The INDEL variations in ACE, UCP2, TYMS, IL4, NFKB1, CASP8, TP53, HLAG, UGT1A1, and SGSM3 were associated with CRC risk and clinical features in an admixed population. These data suggest that this cancer panel might be useful as a complementary tool for better clinical management, and more studies need to be conducted to confirm these findings.

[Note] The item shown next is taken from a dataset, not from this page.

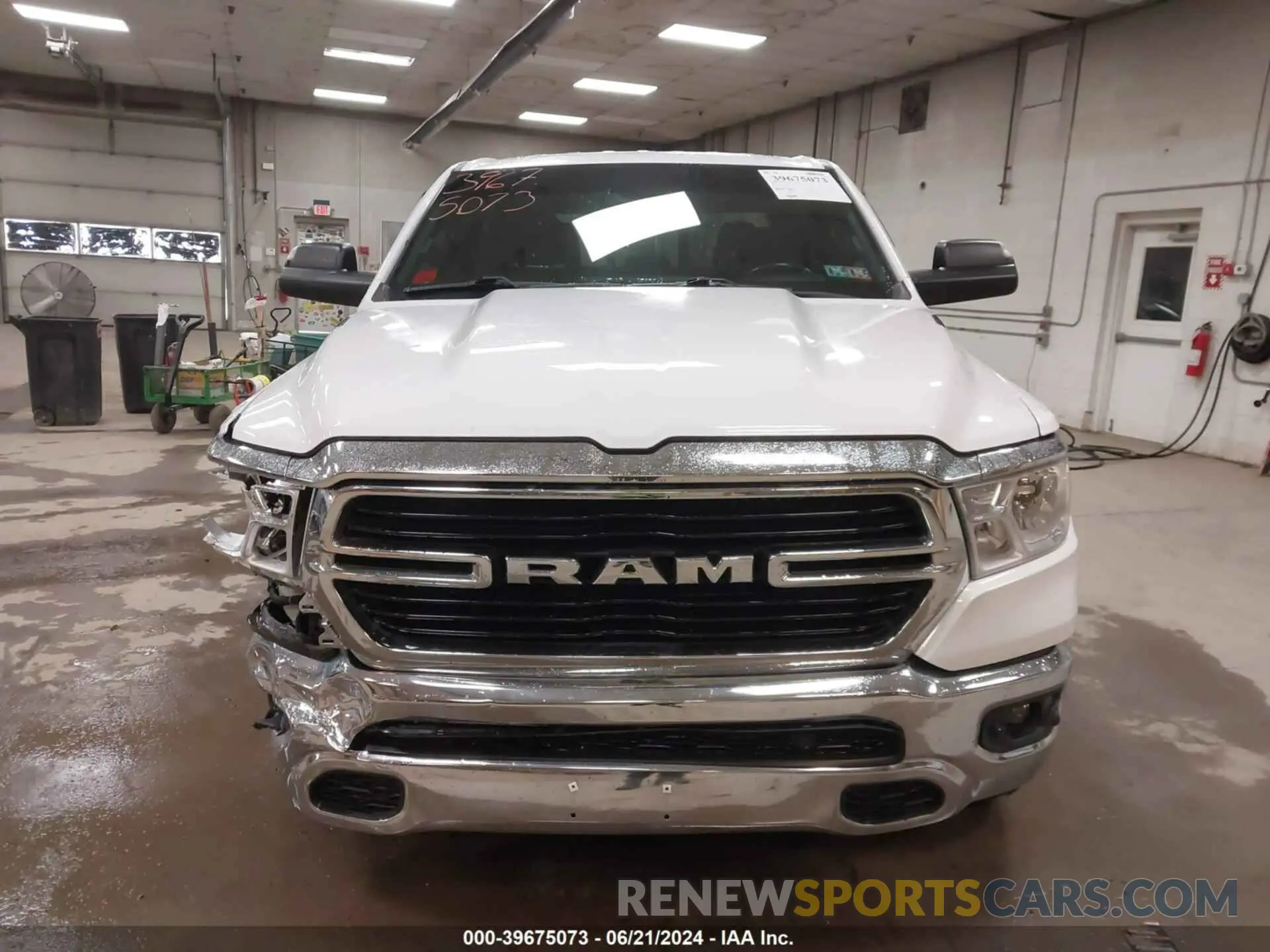 13 Photograph of a damaged car 1C6SRFFT9KN575214 RAM 1500 2019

Keywords: Colorectal cancer, Ins-del polymorphism, Admixed population, Potential biomarker, Diagnostic, Risk stratification, Prognostic, Clinical features

Core tip: The insertion-deletions (INDEL) variations in IL4 gene was associated with increased colorectal cancer (CRC) risk, while TYMS and UP2 genes were associated with decreased risk. The Del-alleles of NFKB1 and CASP8 were associated with more colon related incidents than rectosigmoid. The Ins-alleles of ACE, HLAG and TP53 were associated with higher TNM stage. The Ins-allele of ACE, HLAG, and UGT1A1 were associated with early relapse risk, as well as the Del-allele of TYMS. The Ins-alleles of SGSM3 and UGT1A1 were associated with death risk. These data suggest that these INDEL might be useful as a complementary tool for better CRC clinical management.